This really fun film without a cast of well known performers familiar to American audiences deals with that most singular problem, of replacing American employees with much less expensive employees from developing countries. I have experienced this on many occasions. The most entertaining of these was an outsource to Salvador in Central America. The contact was very willing to answer questions about his work and El Salvador. In the movie the outsourcer is a Seattle company that markets a bunch of novelty items. One such example is the large cheese hats worn by Green bay Packer fans.


Todd Anderson, a mid-level manager at a Seattle company selling novelty items is told by his boss, Dave that the work he supervises, a phone bank of order takers, is going to be outsourced to India and that he, Todd, has been selected to go to India to setup the new department and train the Indian phone answering people. This meeting between Todd, Josh Hamilton, and Dave, Matt Smith, is the introduction to a very funny film discussing a modern day problem, Out Sourcing. Todd's response is "no way." However, when he learns his job has disappeared and there won't be any work remaining for him in Seattle he reluctantly agrees to go. From the time of his arrival his experiences in India are real eye openers. For example, the man who is supposed to meet him holds up a sign that says "Toad" resulting in Todd missing his Indian contact. Later the man his new Indian Assistant, Purobit, played by Asif Barna finally connects with him.


It does not take long for Todd and the film viewers to realize how different life is in India including the differences in acceptable behavior. Early on, when addressing the group of some twenty people who have been hired and he is teaching them American ways, one of the new hires tells him, "That maybe he needs to spend some time learning Indian Ways."


It does not take long for both Todd and Purobit to realize that one lady in particular is smarter and more comprehending than the others. Over time the American supervisor tends to rely more and more on her, the lovely Asha played by Ayesha Dharkar.
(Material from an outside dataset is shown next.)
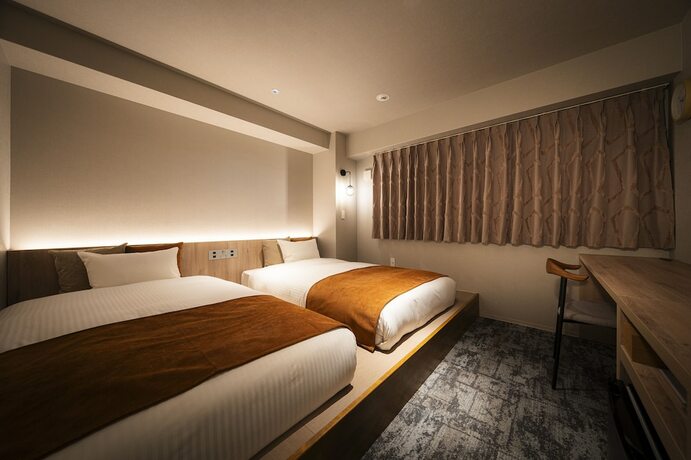 Imagen de la habitación del Hotel R Namba South. Foto 19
Many strange things happen in India. One most memorable incident involves a shipment of theirs which ends up being sent to another city of the same name. He has to retrieve it and she is asked to accompany him because of her knowledge of both languages. It involves a train trip followed by a boat trip. Unfortuately, the boat has problems on the way back and they are forced to spend the night in the city. The hotel has only one room left, the Bridal Suite. the consequences of this incident is that the two of them get much better acquainted.
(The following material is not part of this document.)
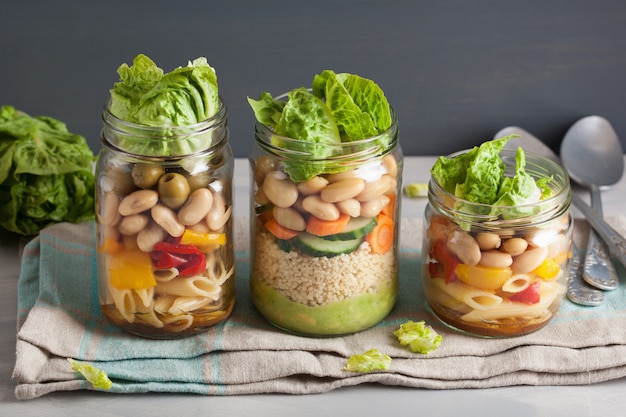 Couscous vegano e insalata di pasta in barattoli di vetro con fagioli di verdure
Eventually the boss in Dave arrives in India to check on the call center. He is given a demonstration of how well they are doing and in a special incident sees what the number one girl, Asha. can do handling a difficult order. There is a second reason whyhe has come to India. The the company has decided to move the outsourcing site to China and that Todd will have to go there next. The latter manages to convince Dave that the demonstration of how well they are doing in India is really the result of the assistant manager. Purobit is easily talked into going to China wants he realizes it means a raise which will enable him to afford to marry the girl he has been engaged to. Asha and Todd have one last time together. She has explained to him that her parents have already arranged a marriage for her and that she is just waiting for her fiance to have enough money to pay for a wedding. In a clever ending she demonstrates to him that she indeed can do anything.


EAT, PRAY, LOVE (2010)


I would be the first to admit that Julia Roberts has never done much for me. Of all her films the only one I really liked was "Notting Hill," with Hugh Grant. EAT PRAY LOVE is essentially her film. It takes place in New York, Rome, India and Bali. the Eat Pray Love segments are Rome, India, and Bali in that order. The New York part is the setup for what follows, why she makes this particular journey. She is Liz Gilbert, early middle aged, 40, and unhappily married. The unhappiness is centered in she and her husband not having much in common or enough love to sustain their relationship. She is a well off successful author. She finally makes the decision of traveling to help over come her malaise.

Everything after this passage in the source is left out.